Your objective:
What you should repeat is the run of lines from the top of the listing below through the line with "Now I'm going", exactly, with no pictures.
-- Opening Marker --
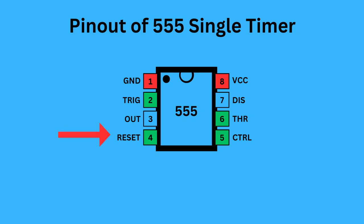Pin 4 is reset — it is used to reset the 555 timer's internal flip-flop. Pin 5 is control — it allows you to control the threshold voltage levels that the internal comparators use to set and reset the flip-flop. Pin 6 is threshold — it monitors the voltage of the capacitor connected to the circuit. Pin 7 is discharge — it controls the charge and discharge cycle of the timing capacitor. Pin 8 is VCC — it is responsible for supplying the power to the IC.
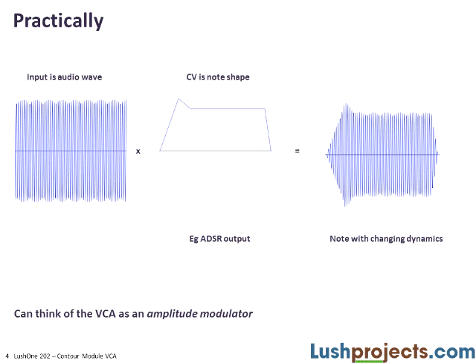Technically, this is called amplitude modulation — the same technique used in AM radio — and we can think of the VCA as an amplitude modulator.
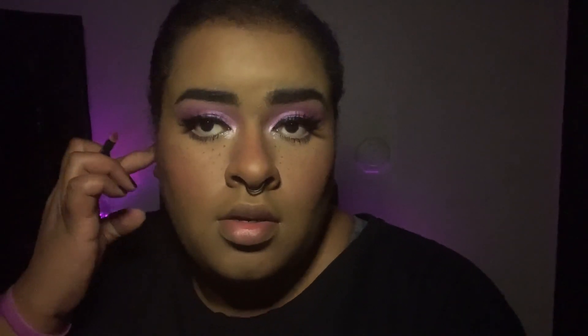Now I'm going to take the NYX Suede lip liner in Cold Brew and the NYX Lingerie Push-Up Long-Lasting Lipstick in Seduction. I'll line my lips first and then go in with the color. I did overdraw my lips a little bit on the sides because of the shape of my face — it's going to go up there anyway.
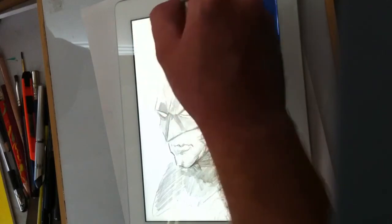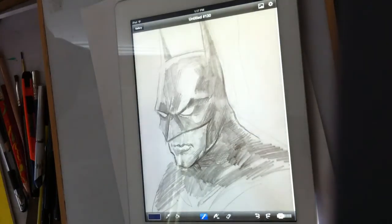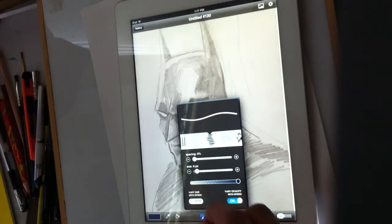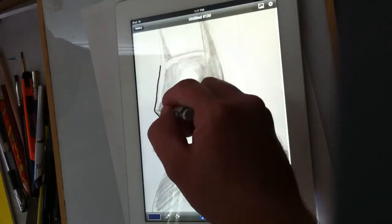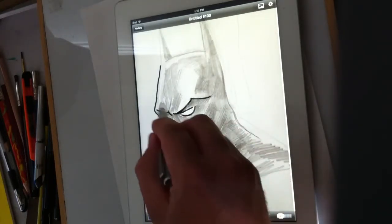Let's say I've colored all that in and I don't like it — I can just hit the undo button and it can undo a lot. So instead of coloring the background first, I'm going to reinforce my lines. If you bring in a drawing, you can essentially ink it on the iPad.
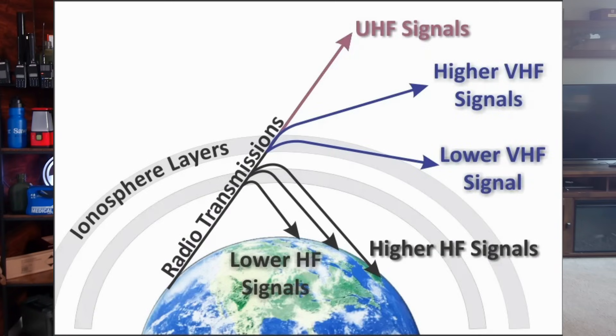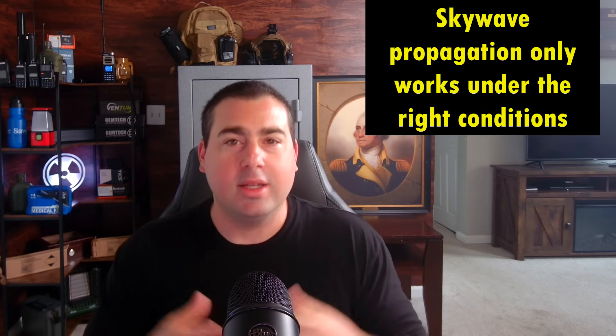One misconception with CB radio is you'll hear tall tales from boomers and your grandpa about how they talked to other countries off the skip. That's skywave propagation — we use that all the time in ham radio on HF, and CB is HF. But it's an unreliable way to do communications. It can scatter its signal through the ionosphere and bounce down in random places, and that's where you get the 'I talked to another country' story.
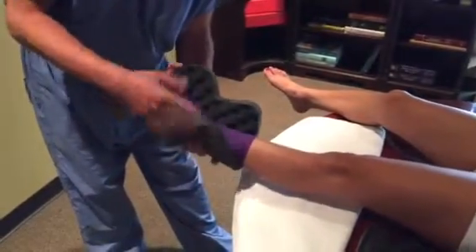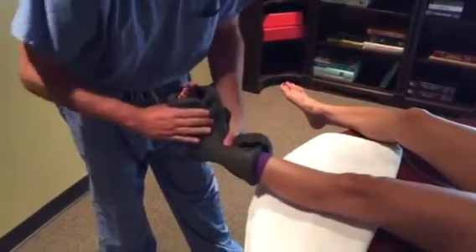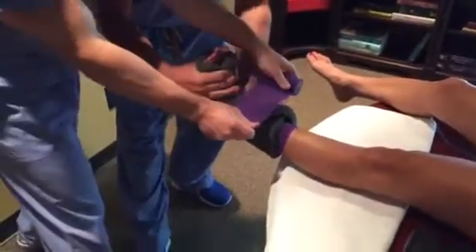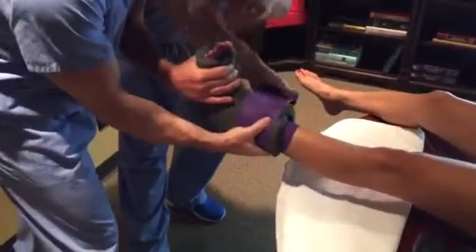The next step is a two-person job. We take — and as you can see — we'll roll this over, roll the top and over. These are sized according to the patient in many of the traction boots. And as you can see, we've got the toes showing.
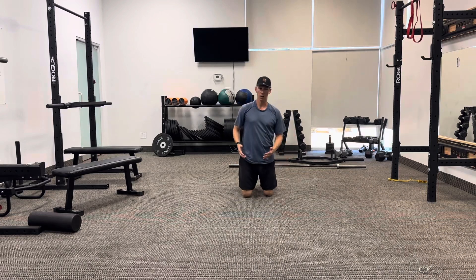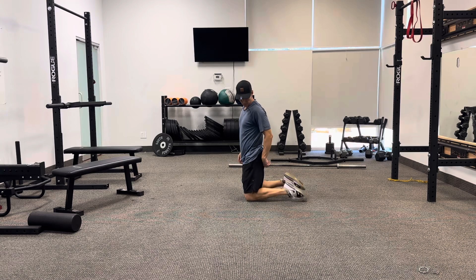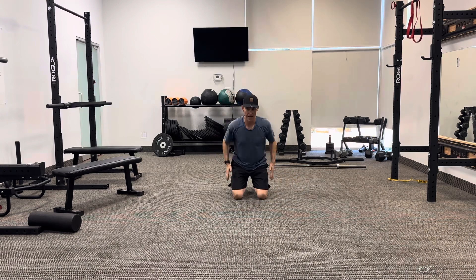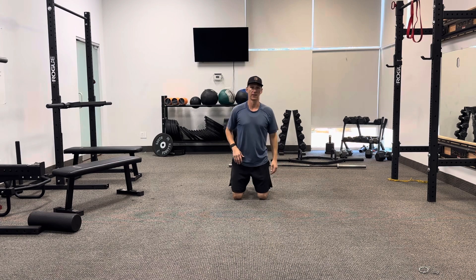For the kneeling squat jump, I'm going to start on both knees like this with my toes up rather than being flat on the ground. I'm then going to sit back to load into my hips and quickly jump up to my feet and land on my feet.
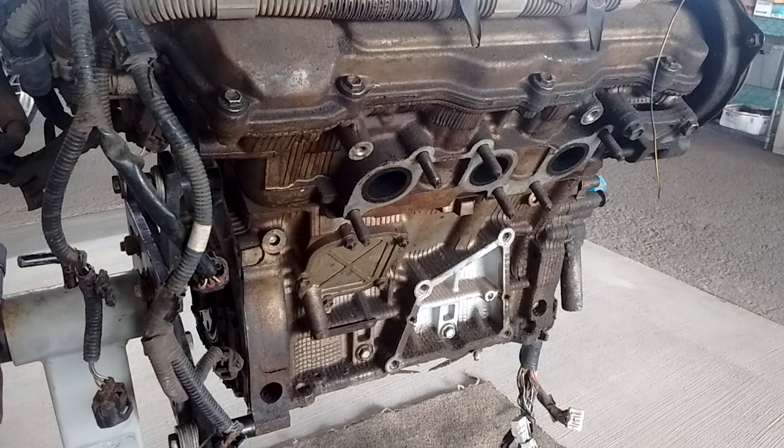Boys and gals, welcome to another edition of MR2 Spyder for Dummies This Means You. Just kidding. This is not a three cylinder engine — this is a V6. It's a 1MZ FE Toyota 3.0L V6.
-- Closing Marker --
Exercise solution:
Pin 4 is reset — it is used to reset the 555 timer's internal flip-flop. Pin 5 is control — it allows you to control the threshold voltage levels that the internal comparators use to set and reset the flip-flop. Pin 6 is threshold — it monitors the voltage of the capacitor connected to the circuit. Pin 7 is discharge — it controls the charge and discharge cycle of the timing capacitor. Pin 8 is VCC — it is responsible for supplying the power to the IC.
Technically, this is called amplitude modulation — the same technique used in AM radio — and we can think of the VCA as an amplitude modulator.
Now I'm going to take the NYX Suede lip liner in Cold Brew and the NYX Lingerie Push-Up Long-Lasting Lipstick in Seduction. I'll line my lips first and then go in with the color. I did overdraw my lips a little bit on the sides because of the shape of my face — it's going to go up there anyway.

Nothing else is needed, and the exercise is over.